One character, Mason, is fleeing with a convoy of cars. In his vehicle are his wife, daughter, a neighbor, and his neighbor's wife. They are attacked by the Monsters but make it through okay. Mason figures the Monsters wont attack if they are lit up by the flashlights. It's fine until the attacks start up again. The daughter in the backseat, Jessie, tries to reach for her dad and call his name. Then a Monster burst through the back window, slashes Jessie and her mother, rips the neighbor's wife's head clean off, then kills the neighbor. Mason is the last to die, but it's all instantaneous. There's no breathing room in this book.

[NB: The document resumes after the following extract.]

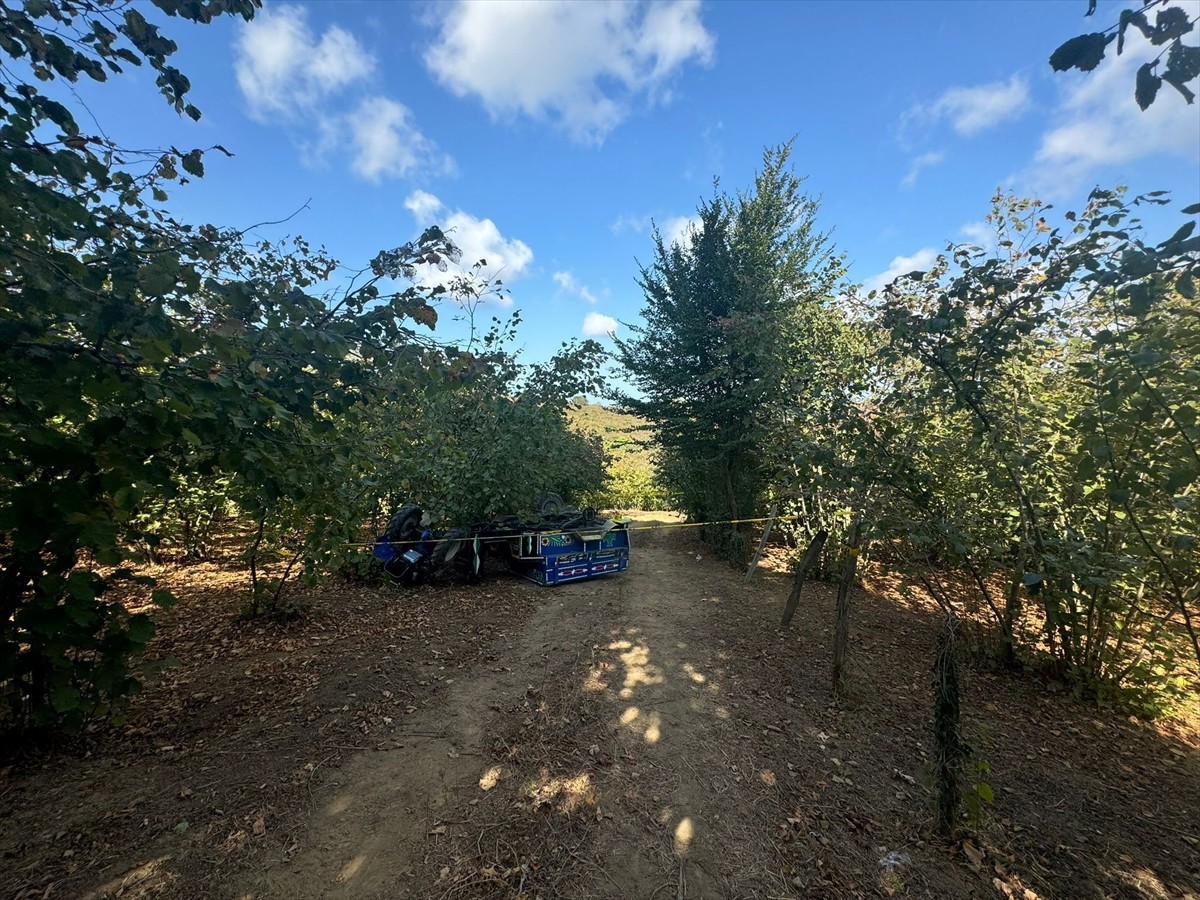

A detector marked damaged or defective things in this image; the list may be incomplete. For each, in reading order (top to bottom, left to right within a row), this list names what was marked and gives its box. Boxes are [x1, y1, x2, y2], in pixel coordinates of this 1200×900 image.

blue overturned vehicle [376, 496, 633, 588]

I would say the longest part of this book revolves around the police officers in America trying to head to NORAD. One has her family with her. There's also a friend named Drew who is an outdoors guy. They get caught up in a trap set by former criminals who steal people's cars, gas, and possessions. They flee, but end up killing two of them. This leads to them being hunted down, without realizing it and leaves us at the end of the book shocked with a CLIFFHANGER ENDING. How could you Duncan Swan?

Remember when The Walking Dead was the show to watch? People were obsessed with it even in an over saturated zombie market. There was initially a rag tag group of characters that you watched die off one by one until it ended up with a core group and they made the show about hiking. I'm looking at you season four. Picture The Walking Dead but without it sucking. Instead of zombies, we have monsters that are actually scary. You have to keep a Game of Thrones level of attachment to these characters too. You experience the coming doom from a variety of perspectives and cities and countries even. I'm in love with this book. I want to time travel back to February and have it be my neurotic valentine.